Examples may include:
1.0% 0.5% 0.4% 0.2% 0.1% 0.0% 

Falling number 
Generally a minimum of 300 seconds but some will specify 350 seconds.
Options may include: 
FN minimum 300 cargo composite 
FN 300 sublot average 
FN 300, no sublot under 300

Cleanliness/Purity-Dockage
Foreign material and shrunken and broken kernels are the three major components impacting the cleanliness or purity of a sample. Dockage is not included as a grading parameter and needs to be specified separately. If you want tighter specifications for foreign material and shrunken and broken kernels, than the limits defined by the grade, then you also need to add those specifications to the contract. 

Dockage options include: 
Maximum dockage 
Maximum dockage, all deductible from contract weight 
Maximum dockage, all deductible with reimbursement for freight and insurance on dockage 
Maximum dockage, with cash discount applying above a certain level

Contract Specification Basics 
Buyers need to be aware of actual production quantities and qualities when setting contract specifications for durum. Durum production is concentrated to a smaller geographical area than other classes of U.S. wheat, which puts the crop at an increased risk from adverse weather.
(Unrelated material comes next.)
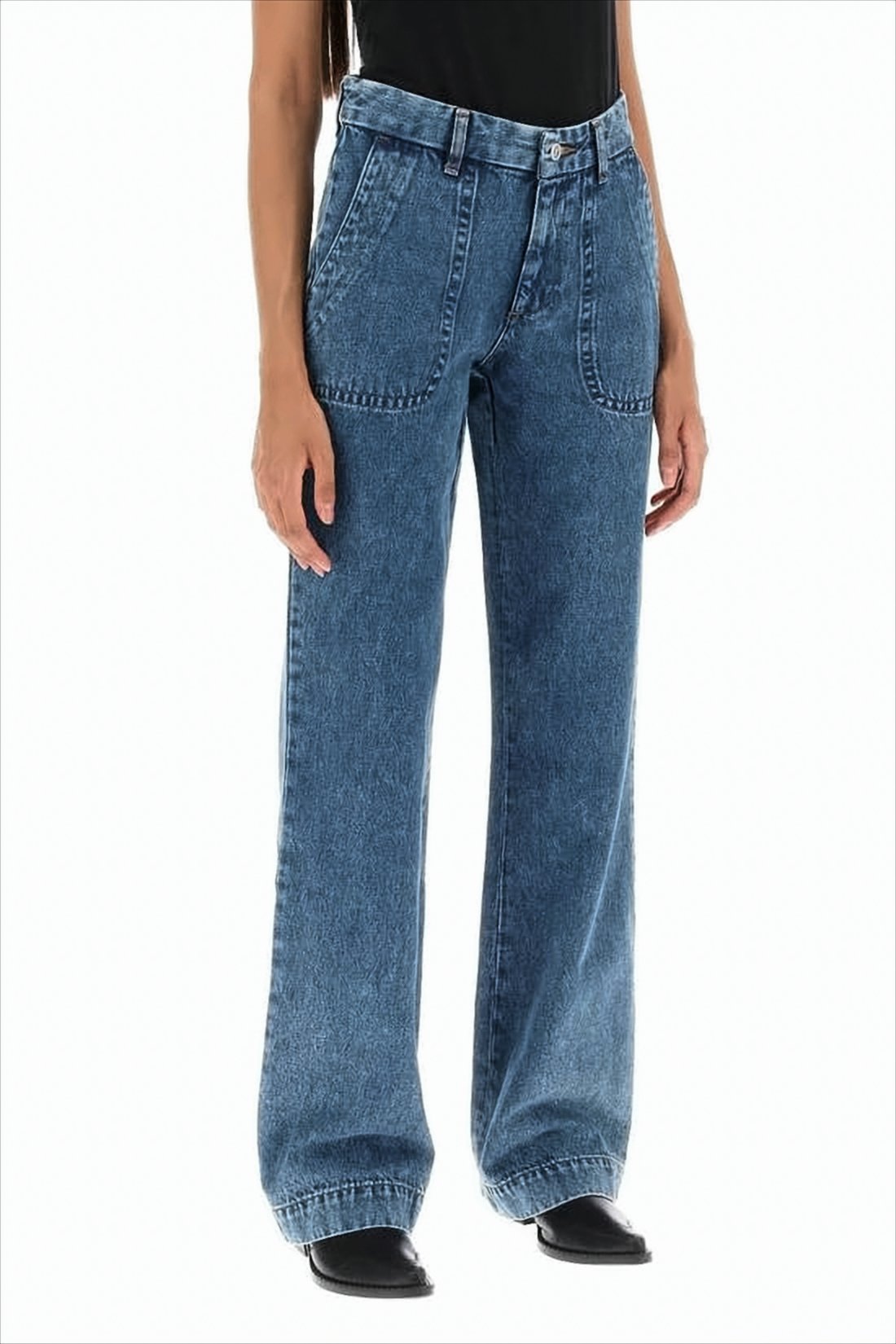 Wide-Leg Denim Pants With High Waist And Front Patch Pockets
There is no good substitute for durum in the production of premium pasta, so the market is highly sensitive to changes in quality from year-to-year. Price premiums and discounts for quality factors, such as vitreous kernel content, test weight, and total defects can be significant. 

If premium, durum pasta is the end-use desired, then you may wish to use tighter specifications for vitreous kernel levels, falling number, test weight and total defects. On the other hand, if total extraction is more important than semolina extraction, and a bright, yellow color is not vital , you may be able to obtain a lower price by using more relaxed specifications. 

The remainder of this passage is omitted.